Two cars are initially 10.5 km apart on a straight road. If the cars are moving toward each other, car 1 with a speed of 9.5 m/s and car 2 with a speed of 10.40 m/s, how many seconds will it take before the cars meet?
10.5 km = 10,500 m.
V1*t + V2*t = 10,500.
9.5t + 10.4t = 10,500.
19.9t = 10,500.
t = 528 s.
To find the time it takes for the cars to meet, we need to determine the time it takes for car 1 and car 2 to cover the distance between them.
First, we need to convert the initial distance of 10.5 km into meters. Since 1 km equals 1000 m, 10.5 km is equal to 10.5 * 1000 = 10500 m.
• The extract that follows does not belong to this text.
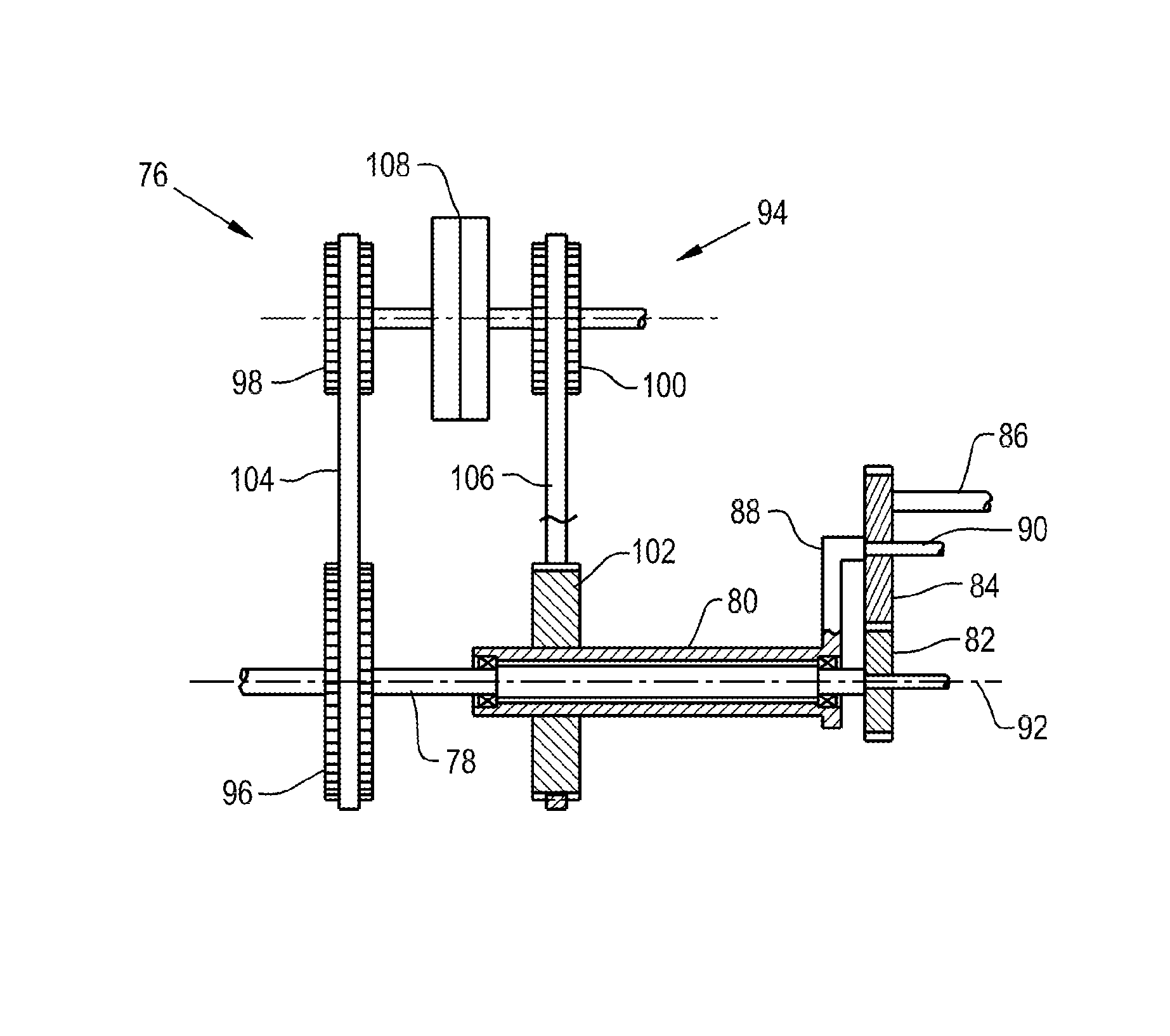 Variable stroke cleaning system drive in an agricultural harvester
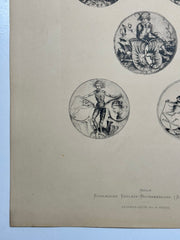 19th Century Decorative Art Ornament Lithograph Portfolio Print Germany 1877 #10   - TvMovieCards.com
Next, we can use the formula:
time = distance / speed
For car 1, the distance it needs to cover is the initial distance between the cars (10500 m). The speed of car 1 is given as 9.5 m/s. Therefore, the time it takes for car 1 to cover this distance is:
time1 = 10500 m / 9.5 m/s
Similarly, for car 2, the distance it needs to cover is also 10500 m, but the speed of car 2 is given as 10.40 m/s. Therefore, the time it takes for car 2 to cover this distance is:
time2 = 10500 m / 10.40 m/s
Finally, to find the total time it takes for the cars to meet, we can add the times for car 1 and car 2:
total time = time1 + time2
Now we can calculate the answer:
time1 = 10500 m / 9.5 m/s = 1105.26 s (rounded to two decimal places)
time2 = 10500 m / 10.40 m/s = 1009.62 s (rounded to two decimal places)
total time = 1105.26 s + 1009.62 s = 2114.88 s (rounded to two decimal places)
Therefore, it will take approximately 2114.88 seconds for the cars to meet.